### Task to carry out
When you copy the data, keep every line exactly as written and skip the pictures.

### Recorded data
+===+

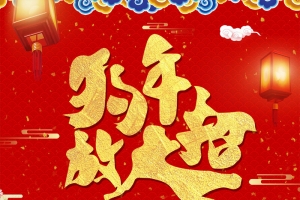 2018年狗年放大招中国风海报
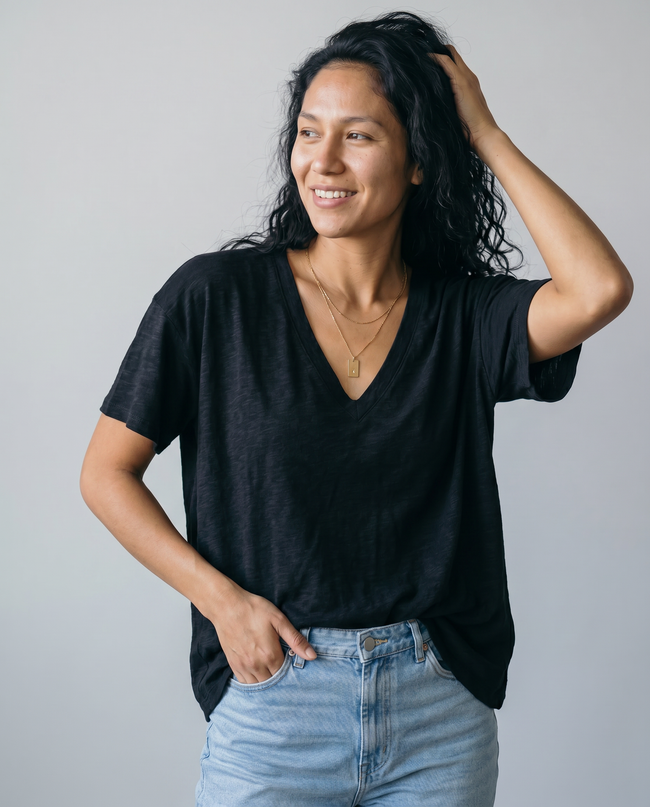 Margaux V-Neck Tee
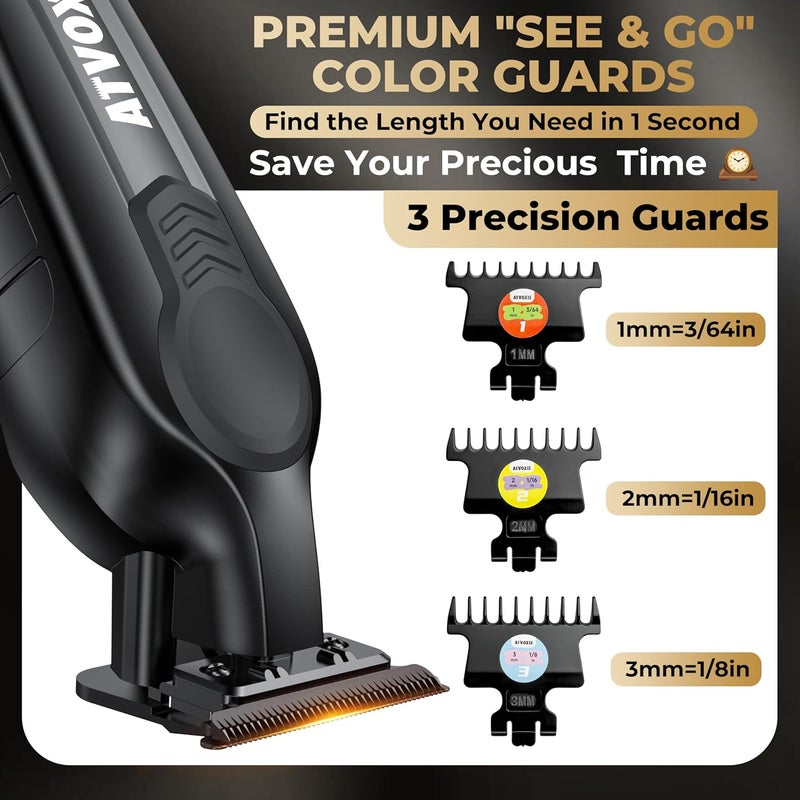 ATVOXIS Hair Trimmer for Men, Trimmers for Barbers, Zero Gapped T Liners Clippers, T Blade Trimmer, Line Up Shape Up Edgers Clippers for Men - Image 5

+===+

### Expected answer
 2018年狗年放大招中国风海报
 Margaux V-Neck Tee
 ATVOXIS Hair Trimmer for Men, Trimmers for Barbers, Zero Gapped T Liners Clippers, T Blade Trimmer, Line Up Shape Up Edgers Clippers for Men - Image 5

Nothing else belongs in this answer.